━━━━━ GIVEN DATA ━━━━━

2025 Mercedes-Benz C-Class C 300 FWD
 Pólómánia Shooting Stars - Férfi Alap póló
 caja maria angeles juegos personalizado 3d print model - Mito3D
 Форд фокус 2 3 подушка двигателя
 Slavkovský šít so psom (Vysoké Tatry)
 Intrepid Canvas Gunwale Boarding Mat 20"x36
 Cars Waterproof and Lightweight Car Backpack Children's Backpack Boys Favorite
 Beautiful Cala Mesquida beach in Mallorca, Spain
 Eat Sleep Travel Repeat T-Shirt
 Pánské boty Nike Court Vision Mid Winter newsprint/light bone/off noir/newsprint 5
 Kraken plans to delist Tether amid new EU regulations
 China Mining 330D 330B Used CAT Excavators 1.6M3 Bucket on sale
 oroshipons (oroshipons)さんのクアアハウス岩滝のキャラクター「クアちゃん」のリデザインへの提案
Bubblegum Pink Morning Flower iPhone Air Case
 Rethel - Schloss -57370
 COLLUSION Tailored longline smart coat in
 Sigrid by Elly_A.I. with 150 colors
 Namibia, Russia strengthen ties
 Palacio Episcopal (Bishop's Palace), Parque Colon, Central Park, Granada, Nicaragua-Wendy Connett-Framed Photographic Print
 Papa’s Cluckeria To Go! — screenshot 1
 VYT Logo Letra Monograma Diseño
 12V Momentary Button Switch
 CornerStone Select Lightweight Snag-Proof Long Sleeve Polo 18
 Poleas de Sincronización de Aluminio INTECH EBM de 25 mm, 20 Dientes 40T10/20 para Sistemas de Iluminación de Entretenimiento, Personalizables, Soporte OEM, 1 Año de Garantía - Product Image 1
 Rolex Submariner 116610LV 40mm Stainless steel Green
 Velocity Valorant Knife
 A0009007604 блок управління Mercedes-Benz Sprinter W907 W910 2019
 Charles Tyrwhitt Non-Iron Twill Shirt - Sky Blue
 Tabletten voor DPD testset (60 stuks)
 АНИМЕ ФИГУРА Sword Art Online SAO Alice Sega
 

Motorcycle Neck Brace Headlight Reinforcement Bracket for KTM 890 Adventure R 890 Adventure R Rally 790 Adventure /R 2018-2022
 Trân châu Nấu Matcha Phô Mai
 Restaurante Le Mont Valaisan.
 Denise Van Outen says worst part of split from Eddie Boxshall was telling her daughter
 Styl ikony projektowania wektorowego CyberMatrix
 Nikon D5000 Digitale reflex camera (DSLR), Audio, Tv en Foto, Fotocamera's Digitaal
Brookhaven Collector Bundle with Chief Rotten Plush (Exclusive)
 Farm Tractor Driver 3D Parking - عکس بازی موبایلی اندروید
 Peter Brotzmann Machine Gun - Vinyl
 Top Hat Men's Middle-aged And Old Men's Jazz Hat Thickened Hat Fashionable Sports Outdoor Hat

━━━━━

- **WHAT NEEDS TO BE DONE**
For each line of the entries that contains the word "with", make a copy.

- **TASK ANSWER**
 Sigrid by Elly_A.I. with 150 colors
Brookhaven Collector Bundle with Chief Rotten Plush (Exclusive)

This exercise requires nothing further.